Where has all the volatility gone?

The VIX index, (invented by Vanderbilt's Bob Whaley) measures the implied volatility of the market, from options prices.  It is at an a very low level.  So either volatility has disappeared, or investors are ignoring volatility in search of higher return:

From the WSJ:

“I still smell smoke,” he said. “The level of complacency implied by the low VIX does not correspond with all that we’re hearing about how disappointing earnings season is going to be,” he added.

From the FT:

“It’s still a high volatility-of-volatility world, and volatility can turn around quickly,” said Rocky Fishman, a strategist at Deutsche Bank.

From Market Watch :

According to contrarian investing 101, low volatility means high complacency, and high complacency is usually seen near major market tops.

1 comment:

  1. Froeb,
    The media continues to portrait the market as healthy and expanding, many questions remain unanswered about the current state of mortgages. Is the volatility really gone until we hit the next bubble, perhaps, student loans?

    While the economy appears to have somewhat recovered since our last recession and the Feds has been providing historical interest rates to banks many questions regarding the very low mortgage rates across the financial segment remain unanswered. Why are rates so low even when economists across American think we are heading in the right direction?

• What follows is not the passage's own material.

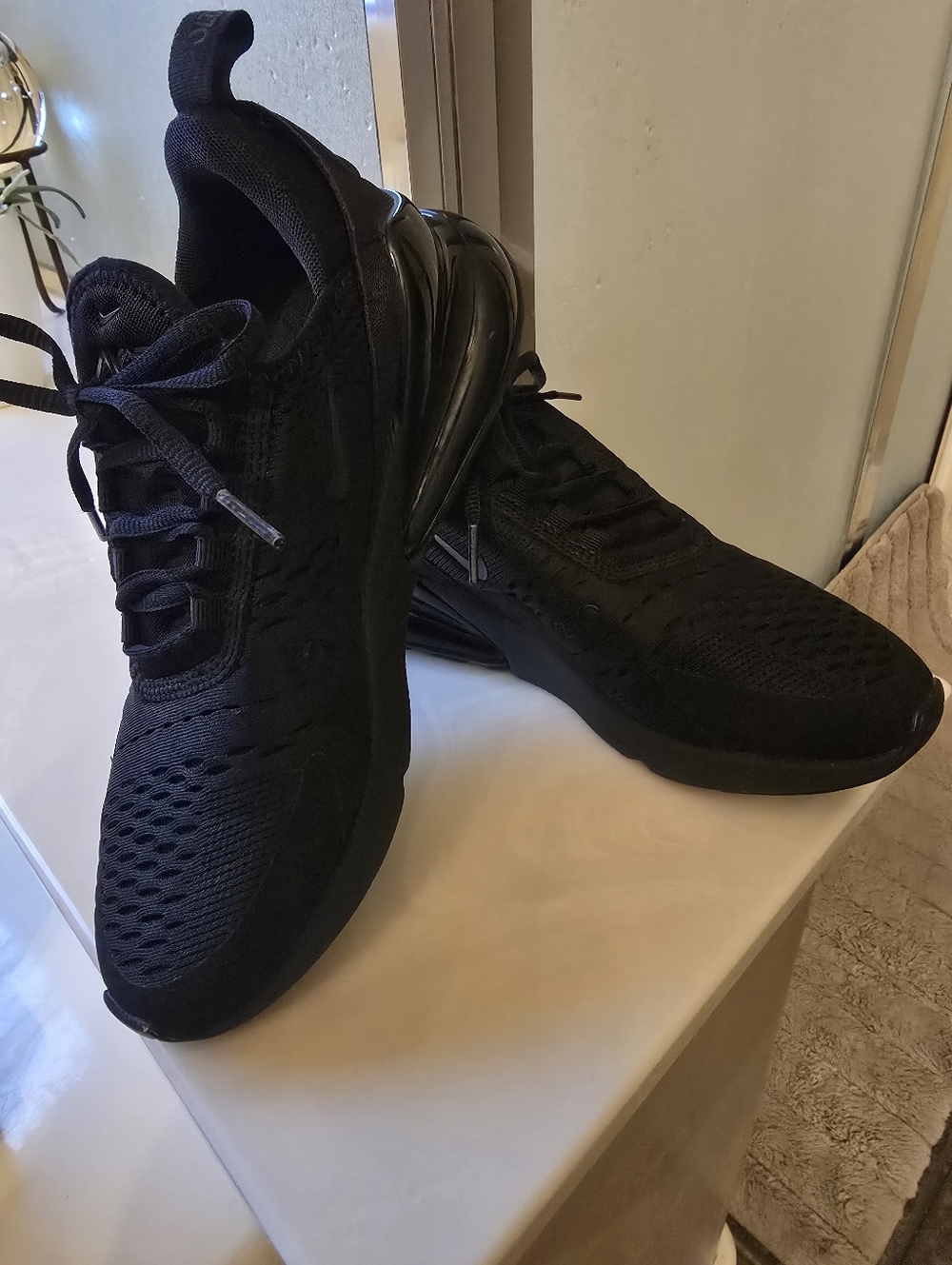 Nike Air Max 270 React Triple Black Women's Sneakers - Picture 2 of 5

    While this new trend may be ideal for new home buyers or perhaps those that are considering refinancing, the supply of new homes has been reduced significantly as the rates continue to trend downward. While supply has been in the decline, home purchase and prices have risen much of this year but a slowdown surfaced in August as a result of reduction in national inventories.

    Could the market have fear of the things that are happening in Europe? Could the fears in the European sector impact the prognosis of the American market when it comes to lending, perhaps, the stress test perform by regulator across the European financial entities does not yield the expected level of strength forecast by the regulators. Similarly, investors across the European financial markets appear to be more conservative about domestic investment, instead, they have opted to explore safe investments across other markets that portrait a lower volatility.

    What are your thoughts regarding the current trends regarding mortgages rates, is it time to buy or refinance?